## What is needed
Could you print the stretch of lines below from the one with "My name is Michael" through the one with "Seattle dog: A", exactly as they stand and without any pictures?
━━━ Data listing
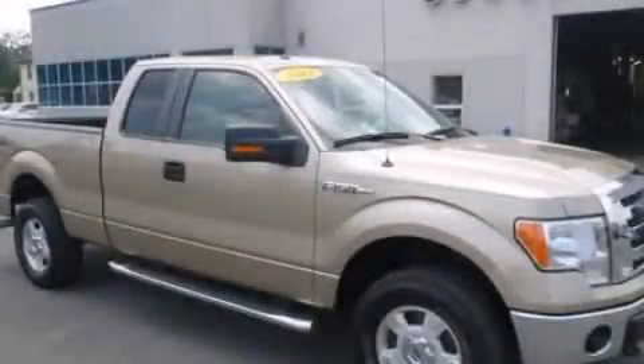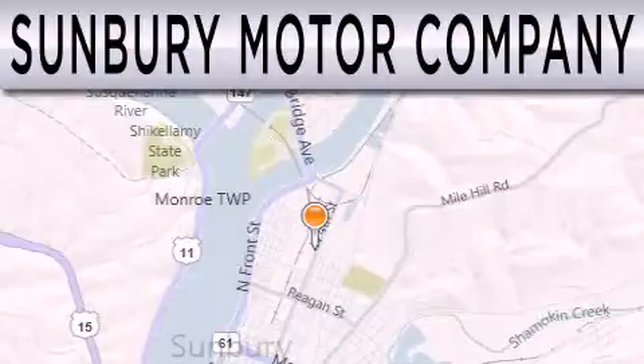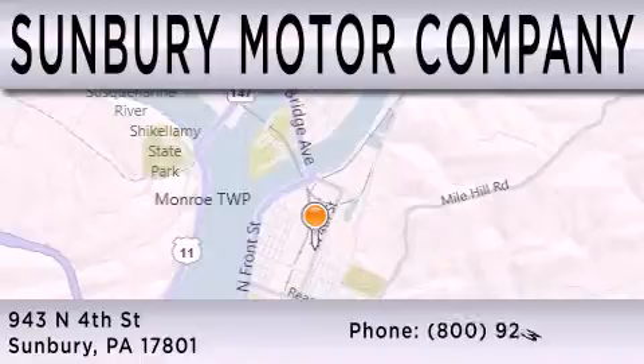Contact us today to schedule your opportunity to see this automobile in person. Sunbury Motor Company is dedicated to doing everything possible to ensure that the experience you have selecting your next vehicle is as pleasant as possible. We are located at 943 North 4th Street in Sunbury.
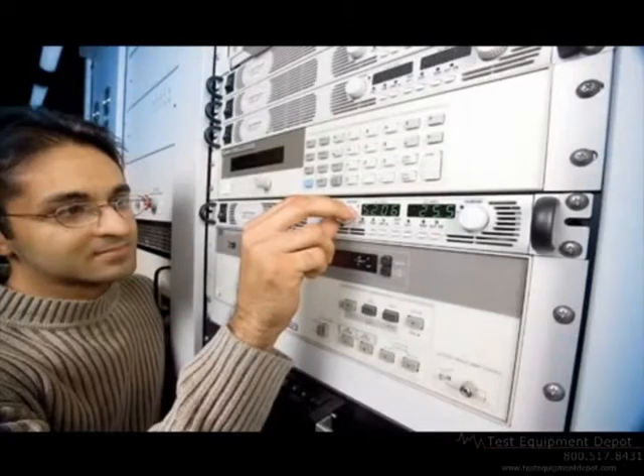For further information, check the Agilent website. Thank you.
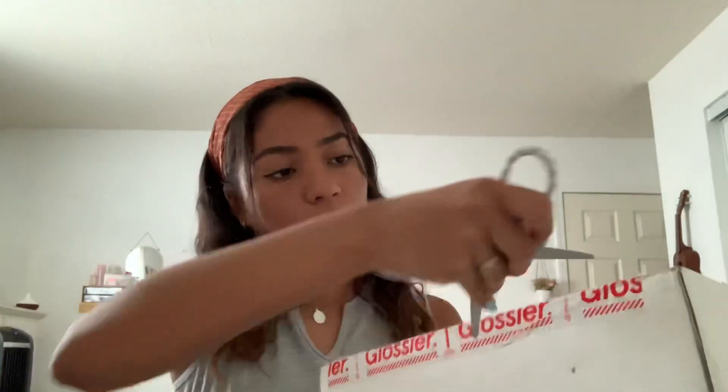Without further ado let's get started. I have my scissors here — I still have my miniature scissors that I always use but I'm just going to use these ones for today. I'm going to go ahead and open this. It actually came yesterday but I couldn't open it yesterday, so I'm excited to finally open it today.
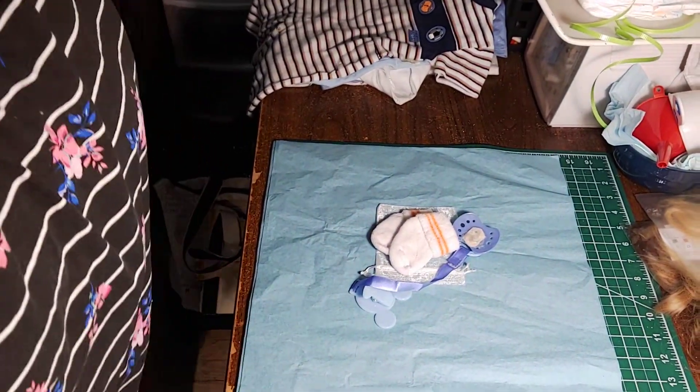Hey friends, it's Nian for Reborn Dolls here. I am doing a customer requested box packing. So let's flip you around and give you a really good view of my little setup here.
━━━━━━
━━━ Data listing
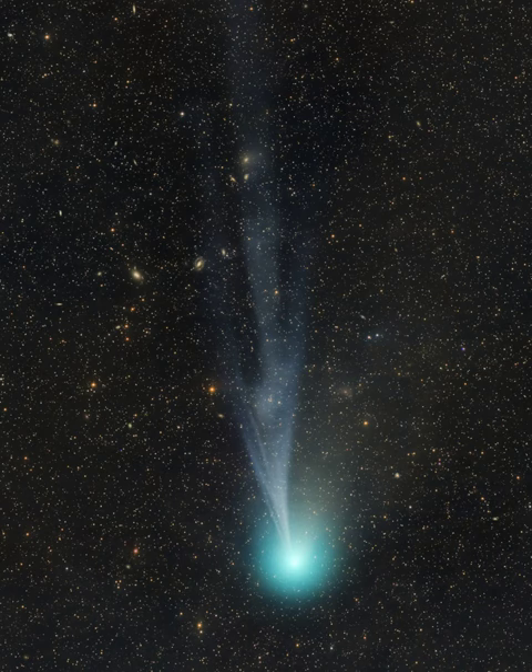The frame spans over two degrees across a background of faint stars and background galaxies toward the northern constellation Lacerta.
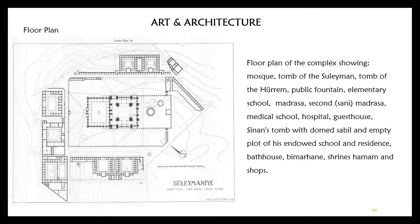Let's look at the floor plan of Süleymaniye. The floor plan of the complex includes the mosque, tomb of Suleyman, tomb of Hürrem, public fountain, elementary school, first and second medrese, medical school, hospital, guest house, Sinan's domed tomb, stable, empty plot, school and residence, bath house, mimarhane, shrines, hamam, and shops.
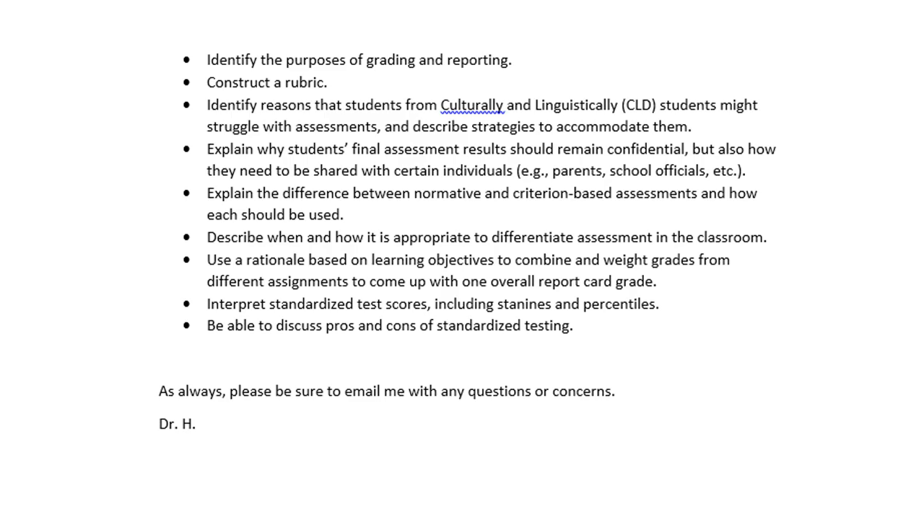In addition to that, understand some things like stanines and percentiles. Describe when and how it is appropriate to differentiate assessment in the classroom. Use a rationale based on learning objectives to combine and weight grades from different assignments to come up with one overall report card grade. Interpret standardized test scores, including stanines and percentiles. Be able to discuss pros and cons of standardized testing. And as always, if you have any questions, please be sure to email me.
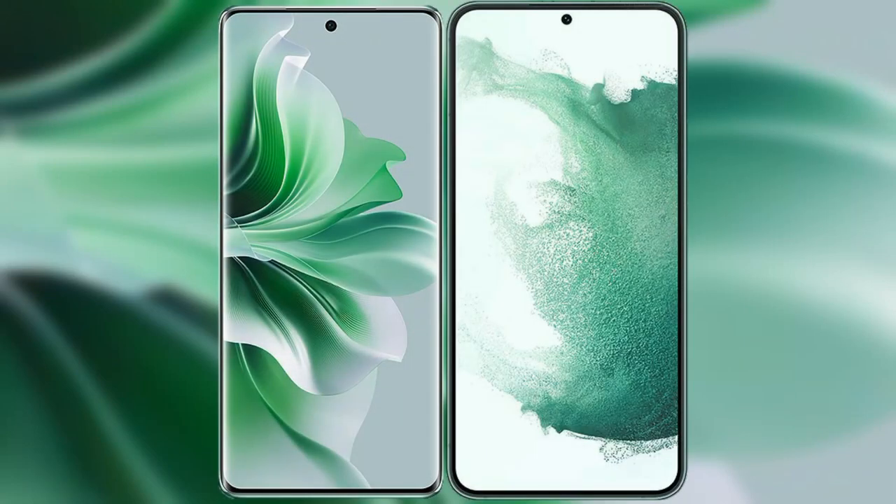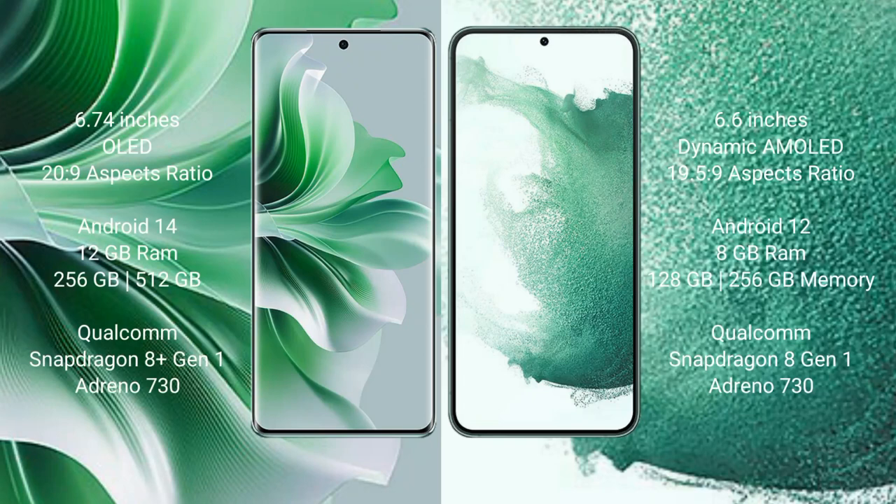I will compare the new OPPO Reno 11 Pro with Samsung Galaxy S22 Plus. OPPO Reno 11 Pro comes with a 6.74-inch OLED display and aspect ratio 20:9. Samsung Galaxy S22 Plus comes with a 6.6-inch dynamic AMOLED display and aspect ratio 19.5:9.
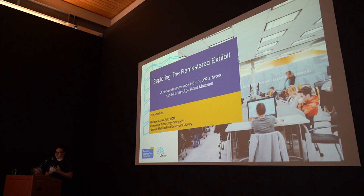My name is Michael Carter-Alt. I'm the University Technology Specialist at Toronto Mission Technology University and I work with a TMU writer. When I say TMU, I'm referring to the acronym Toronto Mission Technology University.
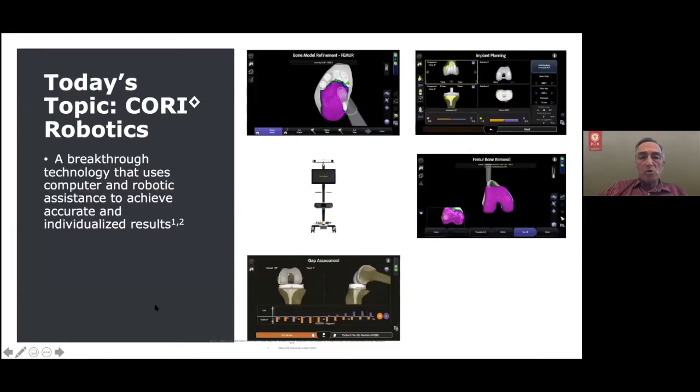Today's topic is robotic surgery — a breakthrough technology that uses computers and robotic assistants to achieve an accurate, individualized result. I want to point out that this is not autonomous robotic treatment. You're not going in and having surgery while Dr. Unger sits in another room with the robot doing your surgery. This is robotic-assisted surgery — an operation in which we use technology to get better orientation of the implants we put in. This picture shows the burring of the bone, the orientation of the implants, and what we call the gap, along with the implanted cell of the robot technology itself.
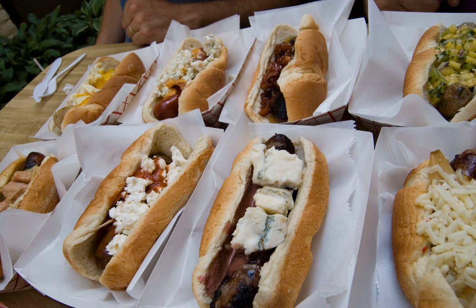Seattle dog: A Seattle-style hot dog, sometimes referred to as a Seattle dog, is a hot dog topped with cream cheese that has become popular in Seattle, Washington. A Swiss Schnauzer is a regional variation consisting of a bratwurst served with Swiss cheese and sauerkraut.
━━━━━━
━━━ Data listing
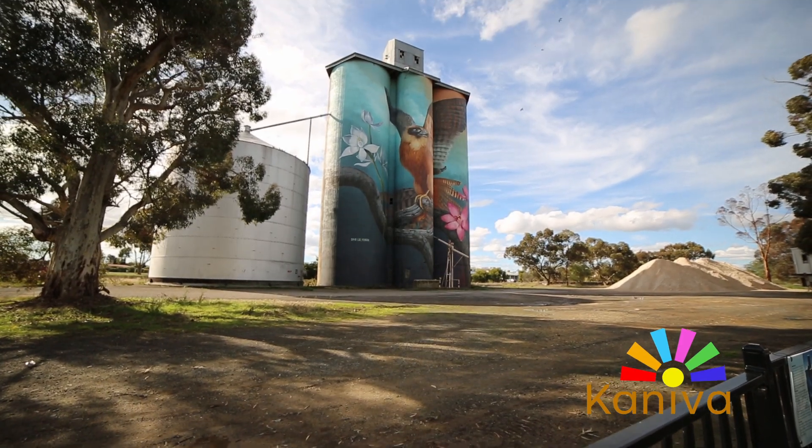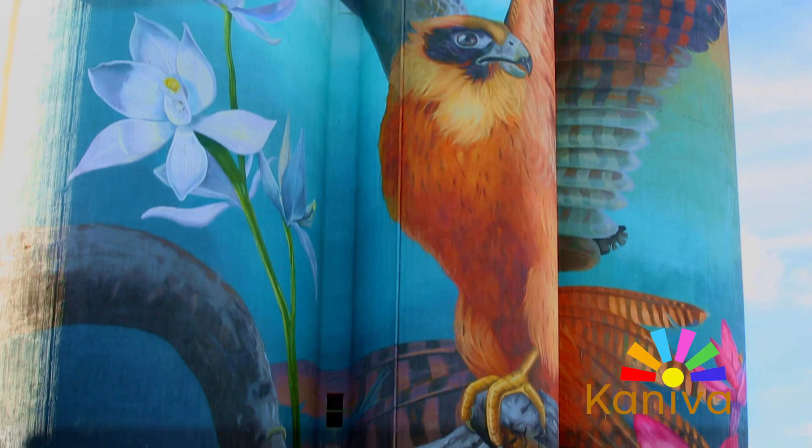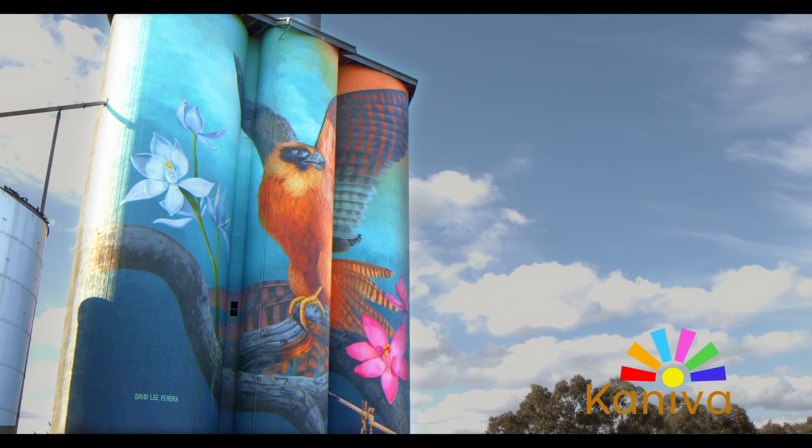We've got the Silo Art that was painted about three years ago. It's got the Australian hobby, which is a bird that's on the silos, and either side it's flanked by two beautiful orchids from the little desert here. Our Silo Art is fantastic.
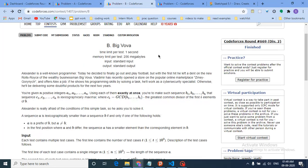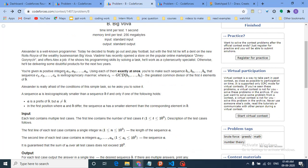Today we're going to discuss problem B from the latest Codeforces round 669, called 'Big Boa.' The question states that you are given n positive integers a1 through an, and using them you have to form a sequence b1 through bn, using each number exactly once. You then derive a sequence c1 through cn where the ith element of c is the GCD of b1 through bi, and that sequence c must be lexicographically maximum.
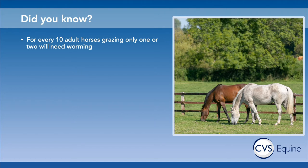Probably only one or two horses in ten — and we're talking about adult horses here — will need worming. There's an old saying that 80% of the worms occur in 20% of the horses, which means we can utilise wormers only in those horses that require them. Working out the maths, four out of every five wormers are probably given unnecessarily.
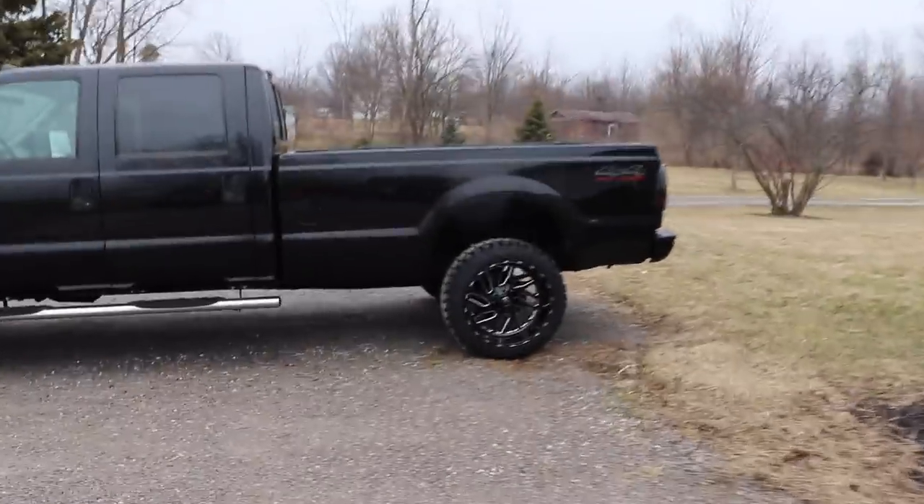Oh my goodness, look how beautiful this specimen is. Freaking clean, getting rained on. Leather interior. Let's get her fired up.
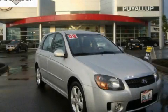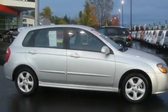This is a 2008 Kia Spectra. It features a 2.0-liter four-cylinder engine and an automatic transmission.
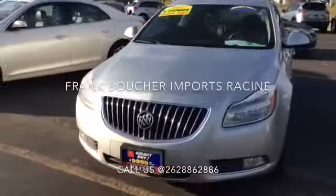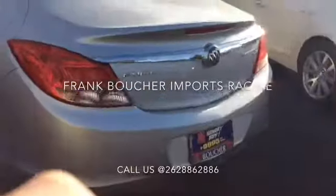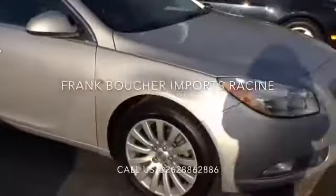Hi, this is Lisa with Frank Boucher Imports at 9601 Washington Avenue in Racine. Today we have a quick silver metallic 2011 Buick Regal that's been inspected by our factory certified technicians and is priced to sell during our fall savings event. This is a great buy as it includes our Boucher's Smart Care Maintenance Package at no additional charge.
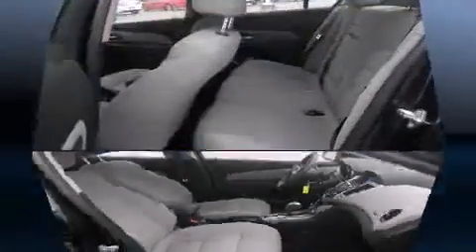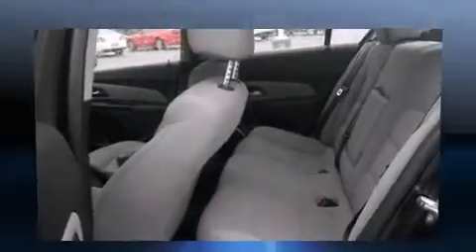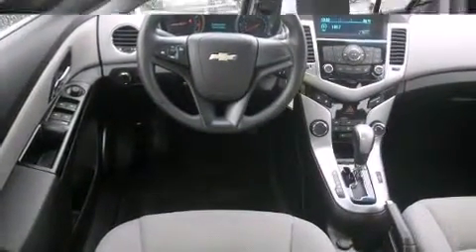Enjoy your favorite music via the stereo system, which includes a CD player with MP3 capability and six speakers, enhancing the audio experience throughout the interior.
━━━━━━
## Answer space
My name is Michael Carter-Alt. I'm the University Technology Specialist at Toronto Mission Technology University and I work with a TMU writer. When I say TMU, I'm referring to the acronym Toronto Mission Technology University.
Today's topic is robotic surgery — a breakthrough technology that uses computers and robotic assistants to achieve an accurate, individualized result. I want to point out that this is not autonomous robotic treatment. You're not going in and having surgery while Dr. Unger sits in another room with the robot doing your surgery. This is robotic-assisted surgery — an operation in which we use technology to get better orientation of the implants we put in. This picture shows the burring of the bone, the orientation of the implants, and what we call the gap, along with the implanted cell of the robot technology itself.
Seattle dog: A Seattle-style hot dog, sometimes referred to as a Seattle dog, is a hot dog topped with cream cheese that has become popular in Seattle, Washington. A Swiss Schnauzer is a regional variation consisting of a bratwurst served with Swiss cheese and sauerkraut.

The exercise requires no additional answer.